CephNodeDown

1. Check Description

Severity: Error

Potential Customer Impact: High

2. Overview

A storage node went down. Please check the node immediately. The alert should contain the node name.

3. Prerequisites

3.1. Verify cluster access

Check the output to ensure you are in the correct context for the cluster mentioned in the alert. If not, please change context and proceed.

List clusters you have permission to access:
ocm list clusters

From the list above, find the cluster id of the cluster named in the alert. If you do not see the alerting cluster in the list above please contact: WIP

Grab your credentials and place in kubeconfig:
ocm get /api/clusters_mgmt/v1/clusters/<cluster id>/credentials \
  | jq -r .kubeconfig

3.2. Check Alerts

Get the route to this cluster’s alertmanager:
MYALERTMANAGER=$(oc -n openshift-monitoring get routes/alertmanager-main --no-headers | awk '{print $2}')

WIP: Separate prometheus stack. Verify route.

Check all alerts
curl -k -H "Authorization: Bearer $(oc -n openshift-monitoring sa get-token prometheus-k8s)"  https://${MYALERTMANAGER}/api/v1/alerts | jq '.data[] | select( .labels.alertname) | { ALERT: .labels.alertname, STATE: .status.state}'

3.3. (Optional) Document OCS Ceph Cluster Health

You may directly check OCS Ceph Cluster health by using the rook-ceph toolbox. .Check and document ceph cluster health:

TOOLS_POD=$(oc get pods -n openshift-storage -l app=rook-ceph-tools -o name)
oc rsh -n openshift-storage $TOOLS_POD
Step 2: From the rsh command prompt, run the following and capture the output.
ceph status
ceph osd status
exit

4. Alert

4.1. Make changes to solve alert

Document the current OCS pods (running and failing):
oc -n openshift-storage get pods

WIP: Link to node replacement SOP

The OCS resource requirements must be met in order for the osd pods to be scheduled on the new node. This may take a few minutes as the ceph cluster recovers data for the failing but now recovering osd.

To watch this recovery in action ensure the osd pods were actually placed on the new worker node.

Check if the previous failing osd pods are now running:
oc -n openshift-storage get pods

If the previously failing osd pods have not been scheduled, use describe and check events for reasons the pods were not rescheduled.

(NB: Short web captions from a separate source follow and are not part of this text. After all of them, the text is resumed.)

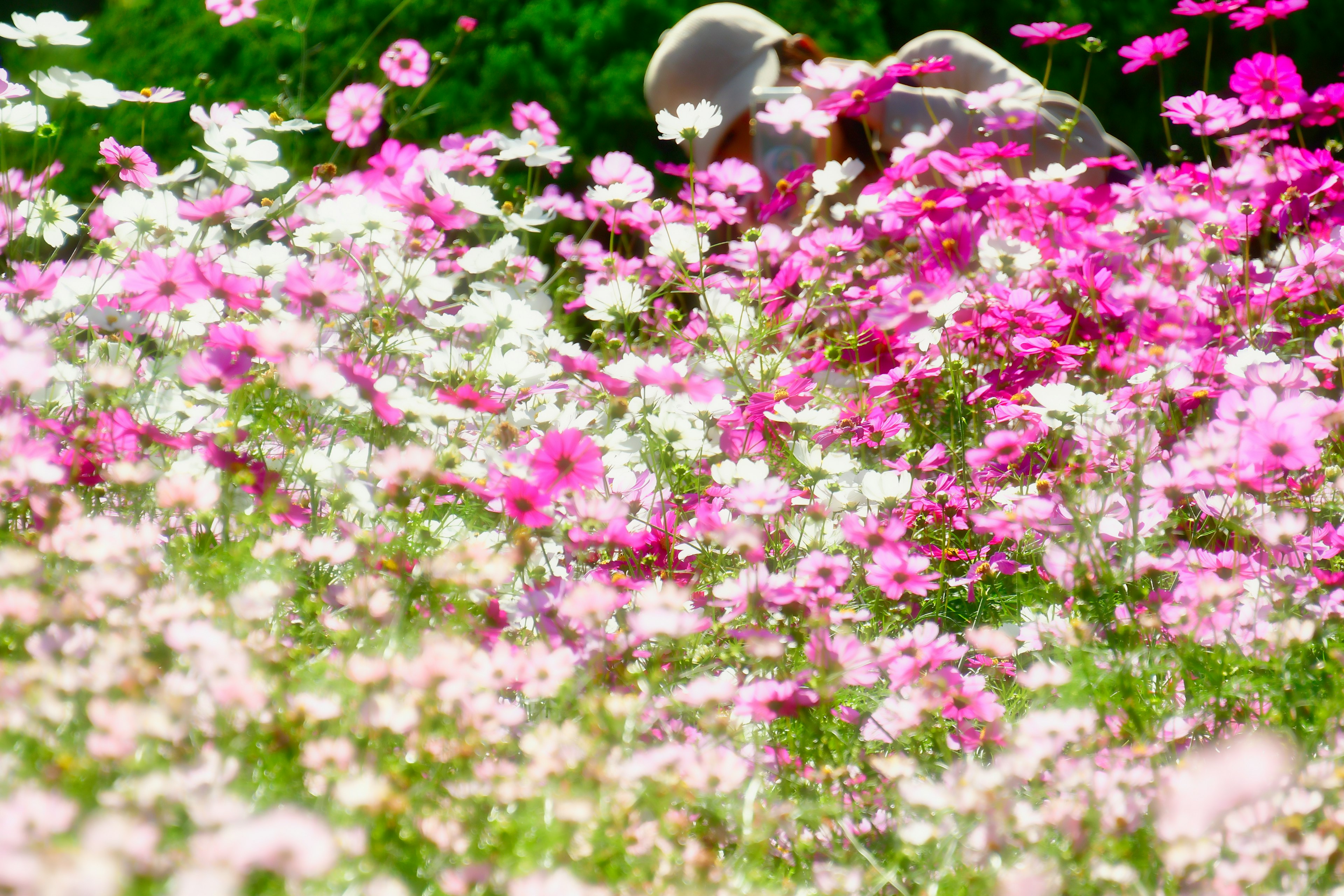 色とりどりのコスモスの花畑にいる人物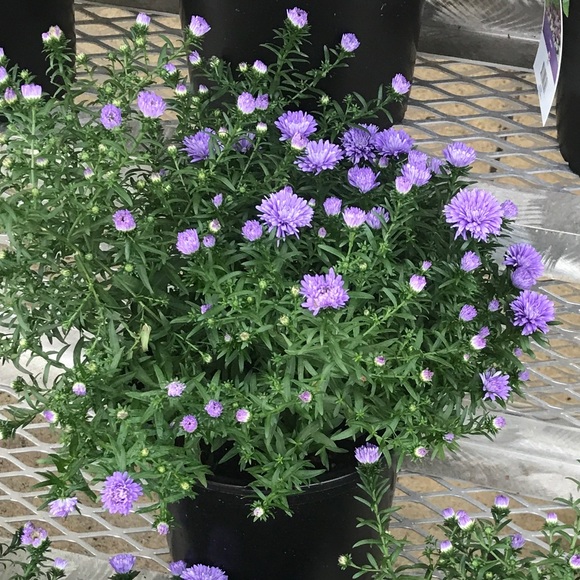 Meet your Posher, Mary beth - Picture 1 of 1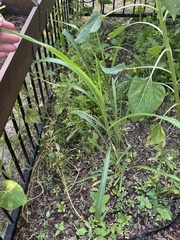 Sorghum halepense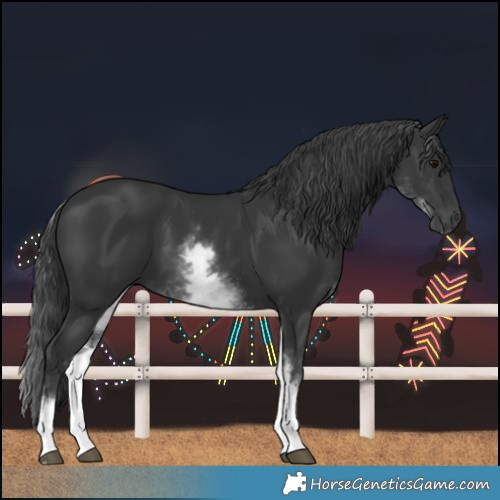 Horse Color:White Spotted Black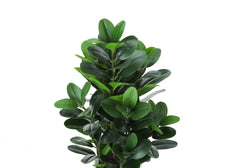 Artificial Plant, 31" Tall, Garcinia Tree, Indoor, Faux, Fake, Floor, Greenery, Potted, Real Touch, Decorative, Green Leaves, White Cement Pot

Describe events for failing osd pod:
oc -n openshift-storage get pods | grep osd

Find a failing osd pod(s):

oc -n openshift-storage describe pods/<osd podname from previous step>

In the event section look for failure reasons, such as resources not being met.

In addition, you may use the rook-ceph-toolbox to watch the recovery. This step is optional but can be helpful for large Ceph clusters.

Deploy and Access the Toolbox

If the toolbox is not deployed, please follow the directions below.

Deploy Rook-Ceph toolbox if needed:
oc patch OCSInitialization ocsinit -n openshift-storage --type json --patch  '[{ "op": "replace", "path": "/spec/enableCephTools", "value": true }]'
Run the following to rsh to the toolbox pod:
TOOLS_POD=$(oc get pods -n openshift-storage -l app=rook-ceph-tools -o name)
oc rsh -n openshift-storage $TOOLS_POD
From the rsh command prompt, run the following and watch for "recovery" under the io section:
ceph status

How long recovery takes will depend on the size of the Ceph cluster. WIP: Note about health status and no recovery for small quick clusters.

(Optional log gathering)

Document Ceph Cluster health check:
oc adm must-gather --image=registry.redhat.io/ocs4/ocs-must-gather-rhel8:v4.6

5. Troubleshooting

  • Issue encountered while following the SOP

Any issues while following the SOP should be documented here.